Shell Component: Log Extraction and Firewall Orchestration
The bash wrapper manages environment initialization, extracts IP frequencies from system logs, captures current firewall state, and applies incremental blocks.
#!/bin/bash
set -euo pipefail
readonly WORKDIR="/var/lib/ipguard"
readonly AGGREGATED="${WORKDIR}/conn_freq.txt"
readonly SNAPSHOT="${WORKDIR}/existing_blocks.txt"
readonly BLOCKLIST="${WORKDIR}/to_block.txt"
readonly WHITELIST="${WORKDIR}/exceptions.conf"
readonly LOGFILE="/var/log/ipguard.log"
log_event() {
local severity="$1"
local message="$2"
printf '%s [%s] %s\n' "$(date '+%Y-%m-%d %H:%M:%S')" "${severity}" "${message}" | tee -a "${LOGFILE}"
}
parse_auth_logs() {
local target_log="${1:-/var/log/secure}"
local regex_pattern="${2:-'Invalid user'}"
grep -E "${regex_pattern}" "${target_log}" 2>/dev/null | \
grep -oE '\b([0-9]{1,3}\.){3}[0-9]{1,3}\b' | \
sort | uniq -c | sort -rn > "${AGGREGATED}"
log_event "INFO" "Parsed $(wc -l < "${AGGREGATED}") unique addresses"
}
capture_current_blocks() {
iptables -L INPUT -n | awk '/DROP/ {print $4}' | grep -E '^[0-9]' > "${SNAPSHOT}"
}
apply_blocks() {
local blocked_count=0
while IFS= read -r addr; do
[[ -z "${addr}" ]] && continue
if ! iptables -C INPUT -s "${addr}" -j DROP 2>/dev/null; then
iptables -I INPUT -s "${addr}" -j DROP -m comment --comment "auto-blocked"
log_event "BLOCK" "${addr}"
((blocked_count++))
fi
done < "${BLOCKLIST}"
log_event "INFO" "Inserted ${blocked_count} new rules"
}
run_pipeline() {
mkdir -p "${WORKDIR}"
log_event "INFO" "Starting IP filtering cycle"

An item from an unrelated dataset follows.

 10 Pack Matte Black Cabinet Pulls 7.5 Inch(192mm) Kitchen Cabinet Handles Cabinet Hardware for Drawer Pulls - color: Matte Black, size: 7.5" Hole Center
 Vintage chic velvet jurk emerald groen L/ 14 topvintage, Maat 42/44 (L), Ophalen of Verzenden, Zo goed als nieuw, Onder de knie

parse_auth_logs "$1" "authentication failure"
capture_current_blocks
python3 /usr/local/bin/filter_engine.py \
10 \
"${WHITELIST}" \
"${AGGREGATED}" \
"${SNAPSHOT}" \
"${BLOCKLIST}"
if [[ -s "${BLOCKLIST}" ]]; then
apply_blocks
else
log_event "INFO" "No action required"
fi
rm -f "${AGGREGATED}" "${SNAPSHOT}" "${BLOCKLIST}"
}
case "${1:-}" in
start) run_pipeline "${2:-/var/log/auth.log}" ;;
*) echo "Usage: $0 start [log_path]" ; exit 1 ;;
esac
Python Component: Intelligent Filtering Engine
The Python script utilizes the ipaddress module for proper CIDR handling, performs set difference operations for O(1) lookup complexity, and validates address formats.
import argparse
import ipaddress
import sys
from pathlib import Path
from typing import Set, Tuple, Dict
class IPFilterEngine:
def __init__(self, threshold: int):
self.threshold = threshold
self.excluded_hosts: Set[str] = set()
self.excluded_networks: Set[ipaddress.IPv4Network] = set()

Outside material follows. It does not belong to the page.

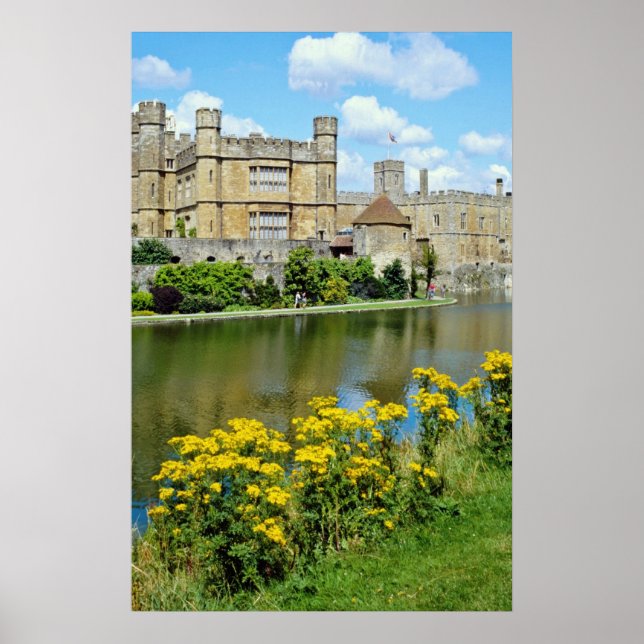 yellow Leeds Castle, Kent, England flowers Poster (Front)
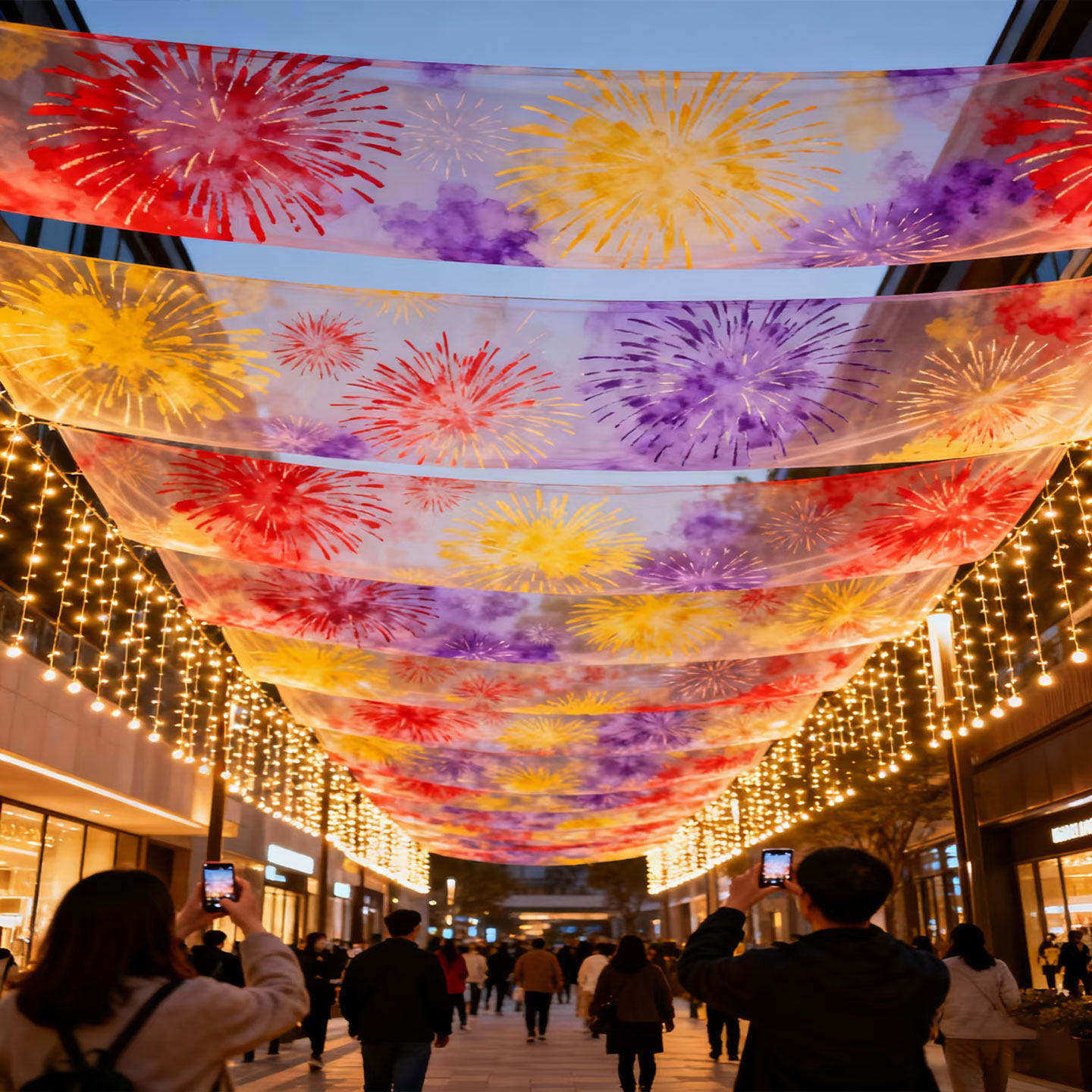 新年烟花纱幔过年春节氛围感布置中国红色布幔商场吊顶半透装饰,淘宝优惠券,粉丝福利购,淘宝优惠卷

def load_exceptions(self, whitelist_path: str) -> None:
"""Parse whitelist containing individual IPs or CIDR notation."""
path = Path(whitelist_path)
if not path.exists():
return
with open(path, 'r') as f:
for line in f:
entry = line.strip()
if not entry or entry.startswith('#'):
continue
try:
if '/' in entry:
self.excluded_networks.add(
ipaddress.ip_network(entry, strict=False)
)
else:
self.excluded_hosts.add(entry)
except ValueError:
continue
def parse_frequency_log(self, log_path: str) -> Dict[str, int]:
"""Extract IPs exceeding threshold from aggregated log."""
violators = {}
with open(log_path, 'r') as f:
for record in f:
parts = record.strip().split()
if len(parts) < 2:
continue
try:
count, ip = int(parts[0]), parts[1]
if count >= self.threshold:
violators[ip] = count
except ValueError:
continue
return violators
def is_whitelisted(self, ip_str: str) -> bool:
"""Check if IP matches whitelist or belongs to exempted subnet."""
if ip_str in self.excluded_hosts:
return True
try:
addr = ipaddress.ip_address(ip_str)
return any(addr in network for network in self.excluded_networks)
except ValueError:
return True
def filter_addresses(self, candidates: Dict[str, int],
existing_blocks: Set[str]) -> Set[str]:
"""Return IPs to block after applying all filters."""
to_block = set()
for ip, count in candidates.items():
if ip in existing_blocks:
continue
if self.is_whitelisted(ip):
continue
to_block.add(ip)
return to_block
@staticmethod
def load_existing_blocks(blocklist_path: str) -> Set[str]:
"""Load currently blocked IPs from iptables snapshot."""
blocks = set()
path = Path(blocklist_path)
if path.exists():
with open(path, 'r') as f:
blocks = {line.strip() for line in f if line.strip()}
return blocks
def process(self, whitelist: str, frequency_log: str,
current_blocks: str, output: str) -> int:
"""Execute full filtering pipeline."""
self.load_exceptions(whitelist)
candidates = self.parse_frequency_log(frequency_log)
blocked = self.load_existing_blocks(current_blocks)
new_blocks = self.filter_addresses(candidates, blocked)
with open(output, 'w') as f:
for ip in sorted(new_blocks):
f.write(f"{ip}\n")
return len(new_blocks)
def main():
parser = argparse.ArgumentParser(
description='Filter IP addresses for firewall blocking'
)
parser.add_argument('threshold', type=int,
help='Minimum connection count to trigger block')
parser.add_argument('whitelist', help='Path to whitelist file')
parser.add_argument('frequency_log', help='Path to aggregated IP counts')
parser.add_argument('current_blocks', help='Path to existing iptables list')
parser.add_argument('output', help='Path to write new block list')
args = parser.parse_args()
engine = IPFilterEngine(args.threshold)
count = engine.process(
args.whitelist,
args.frequency_log,
args.current_blocks,
args.output
)
print(f"Processed: {count} addresses queued for blocking")
return 0
if __name__ == "__main__":
sys.exit(main())
Configuration and Whitelist Format
Create /var/lib/ipguard/exceptions.conf with the following format:
# Individual IPs
192.168.1.100
10.0.0.50
# CIDR Networks
172.16.0.0/12
203.0.113.0/24
Integration
Schedule via cron for automated execution every 5 minutes:
*/5 * * * * /usr/local/bin/block_ips.sh start /var/log/secure
The system efficiently handles incremental updates by comparing against active iptables rules, ensuring only new violators are processed while maintaining persistent whitelist exclusions across execution cycles.